La fiaba originale bene o male penso la conoscano tutti; più che altro, ci sono diversi riferimenti letterari e alla mitologia nordica, ma visto che potrei solo confondervi le idee lascio le ricerche ai più curiosi.
Vi dico soltanto che gli “Splendenti” in inglese sono gli “Shining Ones” – non so bene cosa siano, quindi, uh… xD




Cold ~ Freddo





Neve. Sangue. Ala di corvo, tesa a schermare il pasto.

Queste le materie di cui è composta. Fredda come la neve, incanta. Tagliente come il becco del corvo, strappa via i cuori. Di sangue sono il fiume che traversa e le orme rosse che semina al suo passaggio, nella sua ricerca di calore.




Dicono che la Regina sia una strega, ma non è così. Non ne sa più della fattucchiera media, conosce i balsami e le tinture che alleviano e guariscono, i veleni che portano follia o morte. Cose banali, alla portata di qualunque donna che se ne intenda di erbe. Le differenze tra lei e quelle donne sono due: la prima è che lei è regina; la seconda è che lei ha un barlume di vero potere.

La Regina possiede uno specchio. Magico, naturalmente. Si protende verso il vetro, e gli rivolge una domanda che distruggerà la vita della sua figliastra. Non “Chi è la più bella?”, perché gli specchi che rispondono a quella domanda sono bugiardi o rotti. Lei chiede: “Cosa ne sarà del mio paese?

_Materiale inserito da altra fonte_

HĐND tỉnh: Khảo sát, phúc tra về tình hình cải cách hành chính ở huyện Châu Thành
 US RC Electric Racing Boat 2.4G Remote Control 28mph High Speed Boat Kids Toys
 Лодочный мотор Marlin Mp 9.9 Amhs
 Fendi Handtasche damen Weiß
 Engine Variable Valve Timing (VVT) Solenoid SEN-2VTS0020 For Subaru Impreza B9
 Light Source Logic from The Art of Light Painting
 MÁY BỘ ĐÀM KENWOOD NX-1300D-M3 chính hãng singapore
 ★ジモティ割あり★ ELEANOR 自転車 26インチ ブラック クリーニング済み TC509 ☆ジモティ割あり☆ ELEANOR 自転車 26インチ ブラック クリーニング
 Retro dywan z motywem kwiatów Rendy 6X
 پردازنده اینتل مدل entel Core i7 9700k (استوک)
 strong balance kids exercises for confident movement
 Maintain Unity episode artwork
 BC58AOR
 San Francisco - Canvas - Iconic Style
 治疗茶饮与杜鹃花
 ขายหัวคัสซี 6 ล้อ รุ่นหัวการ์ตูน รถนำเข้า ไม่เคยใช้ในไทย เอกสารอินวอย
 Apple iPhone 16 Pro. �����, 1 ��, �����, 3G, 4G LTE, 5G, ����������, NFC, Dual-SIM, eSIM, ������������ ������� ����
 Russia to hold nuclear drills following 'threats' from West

Quando la principessa ha sette anni, un boscaiolo la porta nella foresta. È bella, pur con i suoi modi scontrosi e scostanti (la dolcezza e la temperanza non erano tra le qualità che sua madre le aveva augurato), ammantata da sciamito e velluto.

Il boscaiolo ha un’ascia affilata assicurata alla cintura, e nello zaino nasconde il portagioie vuoto della Regina.




Sangue sulla neve. Morte. Distruzione. Fiamme. Il volto adulto della principessa, spietato.

La regina strilla e si ritrae violentemente, e quando i singhiozzi smettono chiama i suoi consiglieri, i suoi maghi. Racconta la sua visione, e quelli si guardano tra loro.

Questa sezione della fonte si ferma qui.